Словом, как и положено оборотню, в городе отец был стопроцентным горожанином. Однако ж кое-где след волчьей лапы все же проступал. Так не любил отец больших скоплений народу, толпы, (самое язвительно ненавистное слово из его лексикона!), даже толпы научной. "В стенах вечерних библиотек" отцу, в отличие от мамы, не работалось. Все необходимое для работы он предпочитал иметь. Стаскивать в свою нору. В результате скопилась библиотека, которая, я полагаю, скоро займет свое место в Институте Палеонтологии. А покуда нетронут крошечный его кабинет, украшенный лишь иконой Богоматери с Мечами в курьезном сочетании с накопанными в Гоби буддами. Еще два украшения, впрочем. Пронзительно тревоживший меня в детстве своим "англо-империалистическим" видом поношенный пробковый шлем и ковбойская шляпа из путешествия по Техасу. Остальное пространство в кабинете, кроме письменного стола, машинки "Оптима" и узкой кушетки, занято книжными полками. Входя, утыкаешься в стену энциклопедий, кое как обогнув, попадаешь в пространство, где можно хотя бы сидеть. Вот и все, что мой отец имел в этой жизни. Да и то построил своими руками. Было тогда дано академической молодежи милостивое разрешение в нерабочее время трудиться на стройке. Отец работал прорабом, мама, беременная мною, кажется, учетчицей. Так родители и возвели дом, адские морды над аркой которого обрамляла надпись "Дом научной молодежи". В нем им досталась трехкомнатная квартира невпечатляющих габаритов.

Все собеседники отца, не только научные, теснились на книжных полках. Это были Тейяр де Шарден, Вернадский, Тютчев. Сумеречную сторону отцовской души питал леденящий экзистенциализм марктвеновского "Таинственного незнакомца". В изголовье же всегда лежало первое издание "Унесенных ветром", подарок Эверетта Олсона. Эту книгу отец обыкновенно читал на сон грядущий.

Едва ли ошибусь, что всю "Песнь о Гайавате" в переводе Бунина отец помнил наизусть. Ее изданий у него было штук пять разных. Мне же лет в семь он подарил книжку индейца Серая Сова под названием "Саджо и ее бобры", с рисунками автора.

Истинную страсть отец испытывал к словарям, которые читал как детективы.

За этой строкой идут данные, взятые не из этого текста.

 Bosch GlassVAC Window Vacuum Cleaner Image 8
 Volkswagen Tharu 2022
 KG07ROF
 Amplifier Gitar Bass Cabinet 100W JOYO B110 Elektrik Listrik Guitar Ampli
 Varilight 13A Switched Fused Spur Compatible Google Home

Отовсюду глядят и блекло синий пузатый Оксфордский словарь, и старый вишневый двухтомник древнегреческого, не говоря уж о нескольких латинских. Словарь английских фамилий я у отца временами воровала и прятала, но он рано или поздно раскапывал и возвращал к себе. Обнаружив сорочье гнездо разоренным я выжидала, а затем воровала снова. Все это - при полном умолчании обеих сторон. А словарь Даля у отца просто не поместился, перекочевал к общесемейному книжному стаду.

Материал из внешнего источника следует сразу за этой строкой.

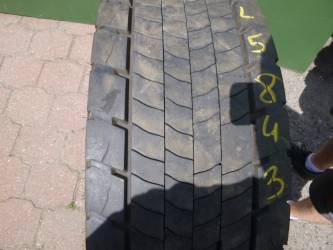 Opona używana 315/70R22,5 Goodyear FUELMAX D PERFORMANCE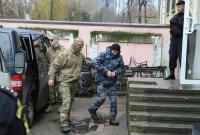 РФ проигнорировала решение ЕСПЧ в отношении пленных украинских моряков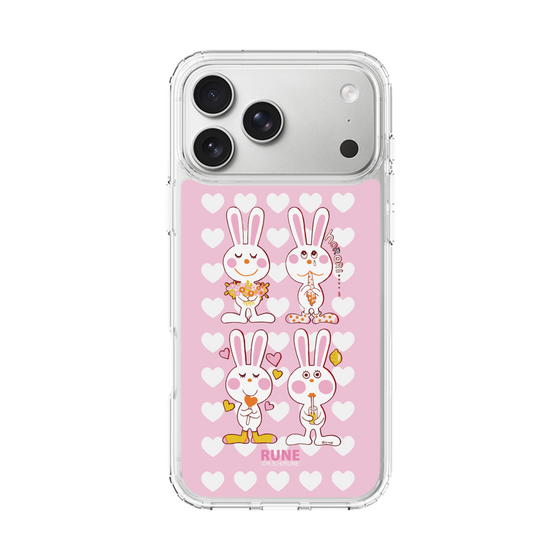 Slim Protection Case［ Rune Naito - Bunny ］
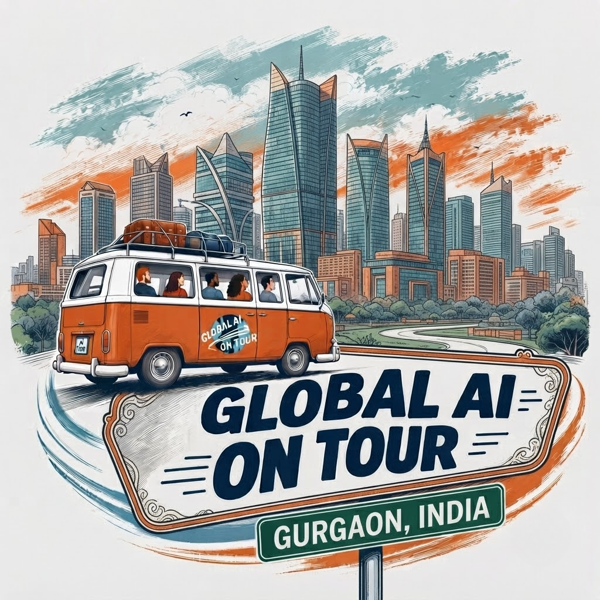 Global AI On Tour - Gurgaon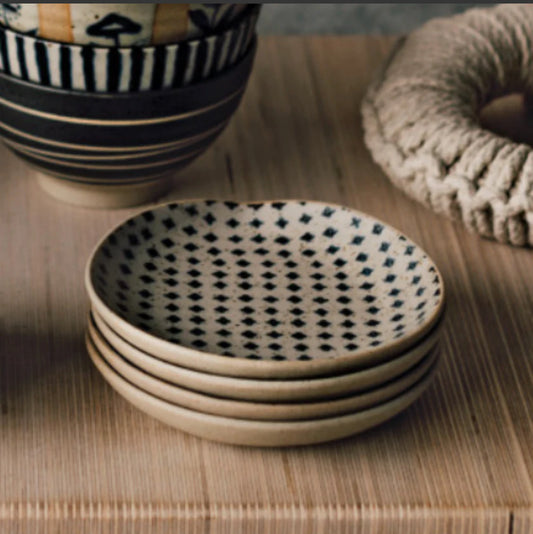 Lattice Element Spoon Rest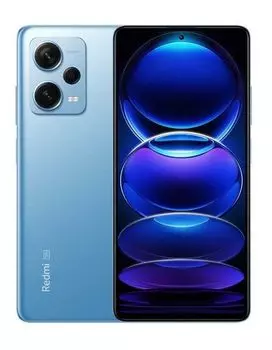 Смартфон Xiaomi Redmi Note 12 Pro+ 5G 8/256Gb Sky Blue
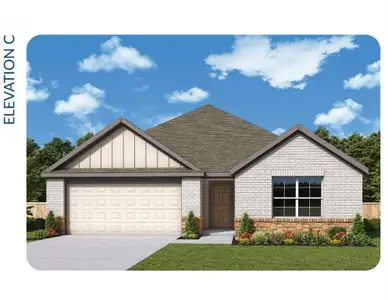 New construction Single-Family house 3887 Rose Hill Ct, Denison, TX 75020 - image
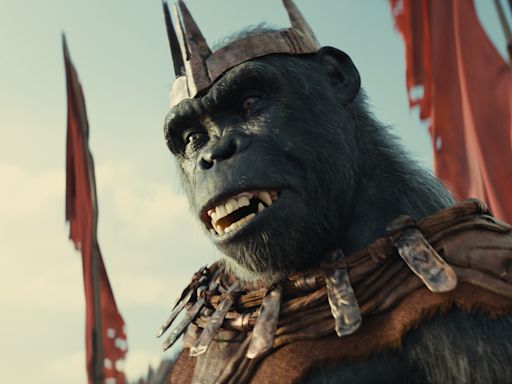 ‘Kingdom Of The Planet Of The Apes’ Tops $300M WW; ’IF’ & ‘Garfield’ Crack $100M; ‘Furiosa’ At $75M Through...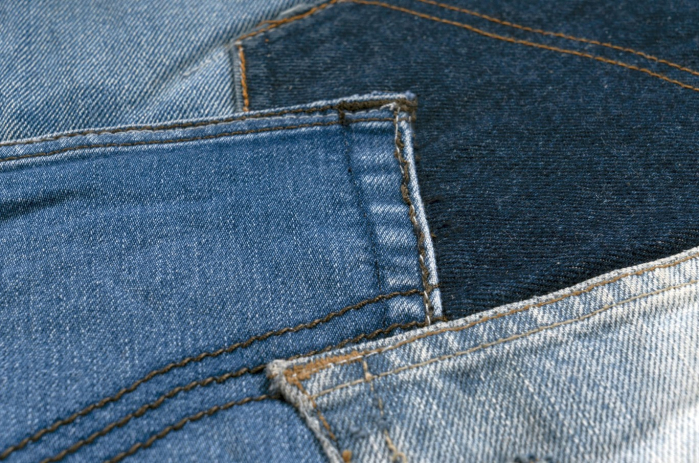 Covor Modern Living/Dormitor, Urban Denim 490, Albastru [6]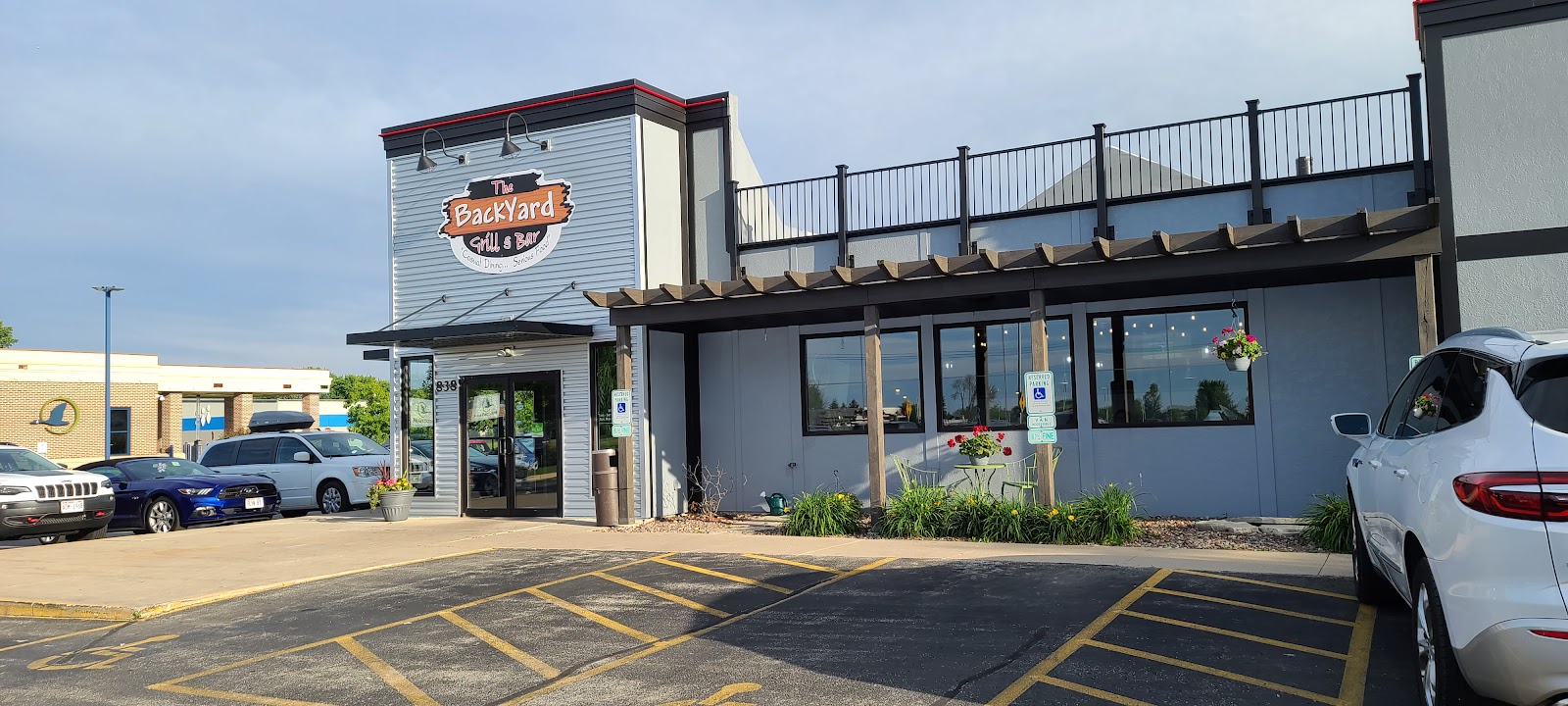 Kurtev's Backyard Bar and Grill in Fond du Lac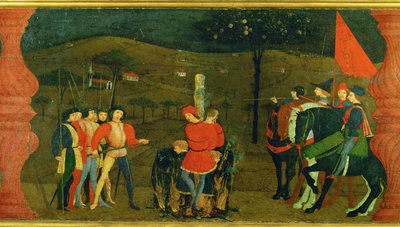 tekijältä Paolo Uccello
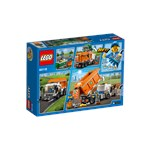 LEGO City 60118 Popelářské auto2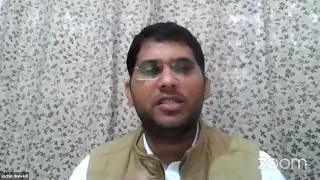 RECORDING OF STATEMENT UNDER SECTION 164 CRPC BY SACHIN DWIVEDI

Любил отец и великих "средних англичан" Диккенса с Джеромом, любил Киплинга, любил крепкий чай, а к кофею был решительно безразличен. Не менее безразличен, чем к Бальзаку или Золя.

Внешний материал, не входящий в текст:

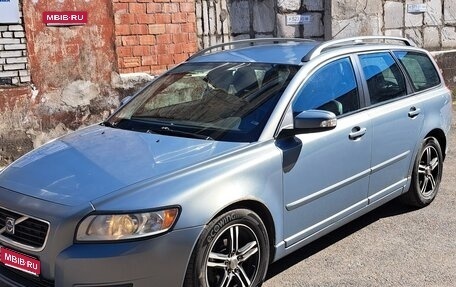 Volvo V50 I, 2009 год, 580 000 рублей, 1 фотография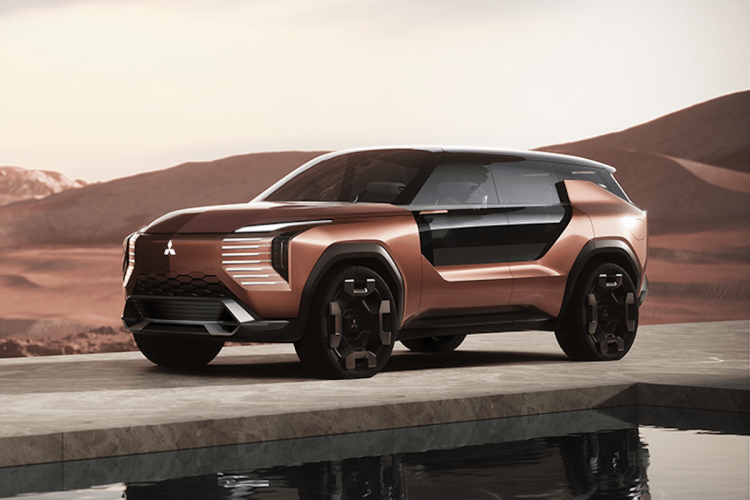 Mitsubishi s&rsquo;apprête à dévoiler un héritier inattendu du Pajero qui va bouleverser le marché !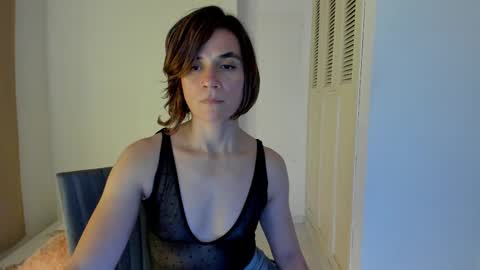 Snapshot of amaranthaajames chatting on February 13, 2:34 am Amarantha online show from February 13, 2:34 am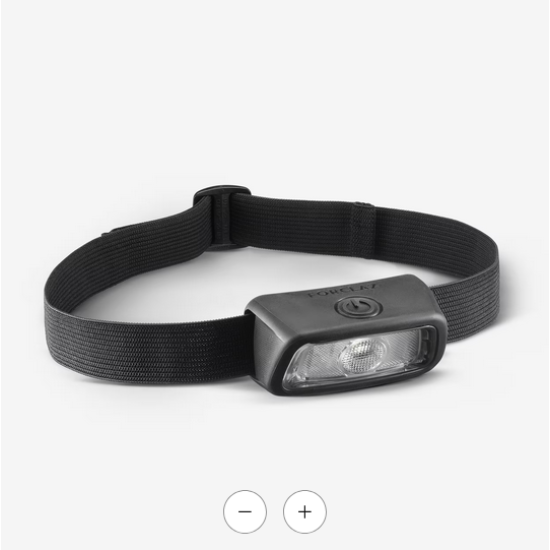 HEADLAMP HL-50 FORCLAZ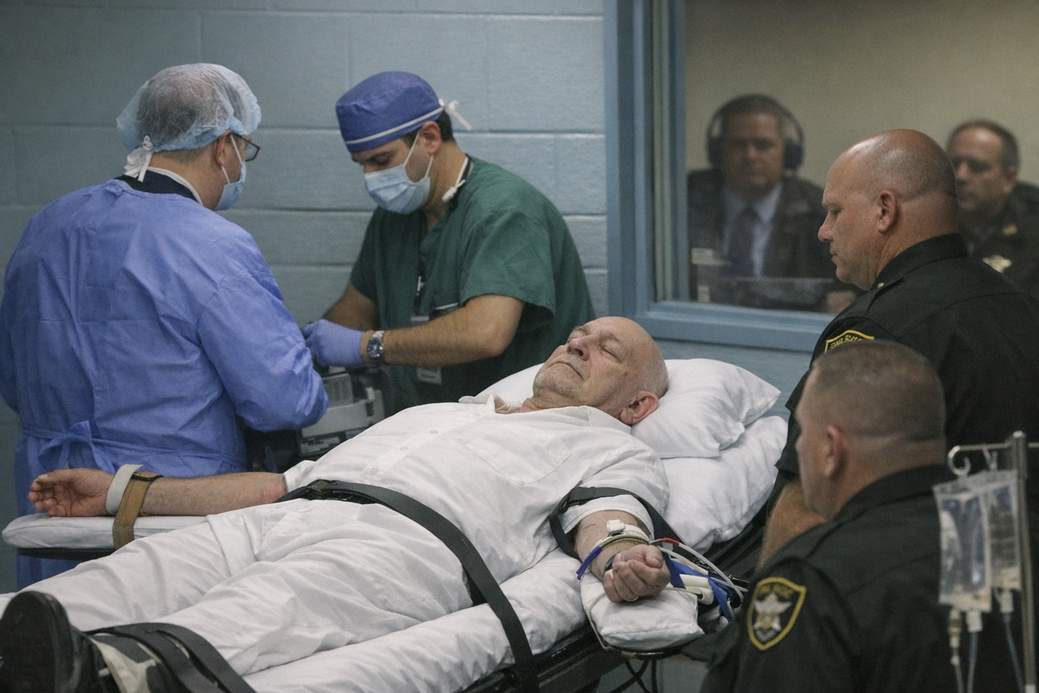 Man executed in 1976 killing as Florida reaches its 14th execution of the year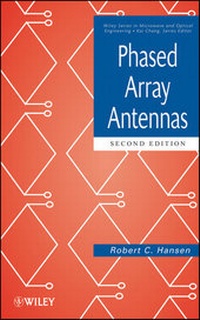 Enlarge image Cover: Phased Array Antennas - Wiley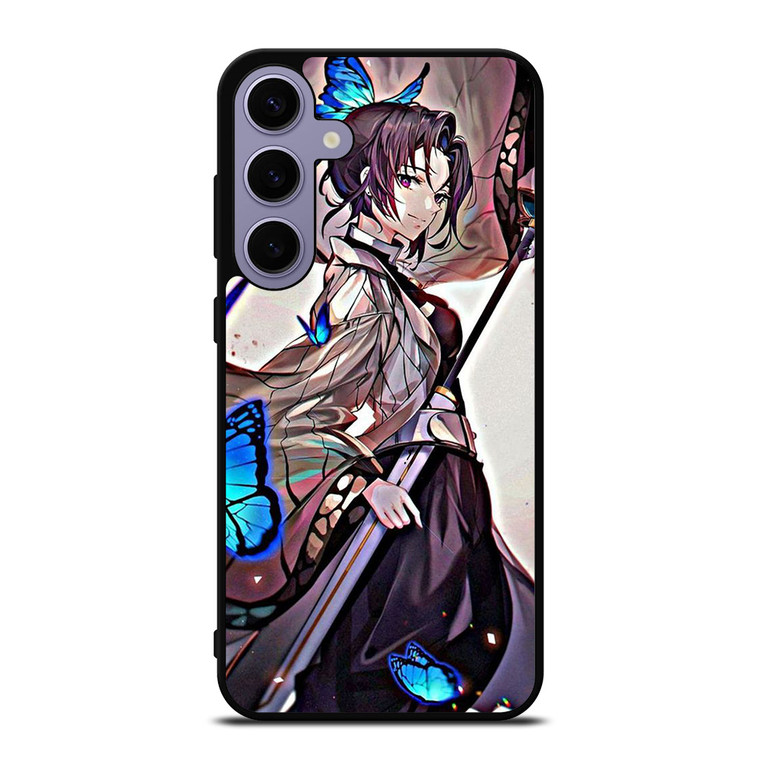 SHINOBU KOCHO DEMON SLAYER ANIME MANGA Samsung Galaxy S24 Case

Скажи мне, каковы твои любимые книги, и я скажу, кто ты.

Обдумывая этот очерк, я предполагала выстроить его иначе. Но страшное детство, война, история семьи, встающая за спиной отца яркая фигура деда - все это отчего-то не легло. Быть может потому, что биографию отца я во многом описала в посвященном моей матери романе "Инна". Не знаю. С удивительной легкостью, вопреки унаследованной от отца злопамятности, я забыла упомянуть и о тех, кто тяжко обидел его, предал, сократил плодотворные годы его научной деятельности. Пусть их. Я всегда считала отца человеком несчастным: слишком глубокие шрамы были на его душе, слишком много несправедливостей выпало на его долю, слишком тяжел был характер, для него самого в том числе. Слишком долго переживал он обиды. Слишком нищей была его старость, не по заслугам нищей. Но чем дальше отступает отцовская смерть, тем ясней мне делается, что жалеть отца незачем. Он был все же счастлив, счастливее многих и многих. Все тяготившее его оставалось на городской половине жизни, а в лесной ее половине он часто испытывал мгновения высочайшей гармонии духа и разума. Другой задохнулся бы на такой высоте.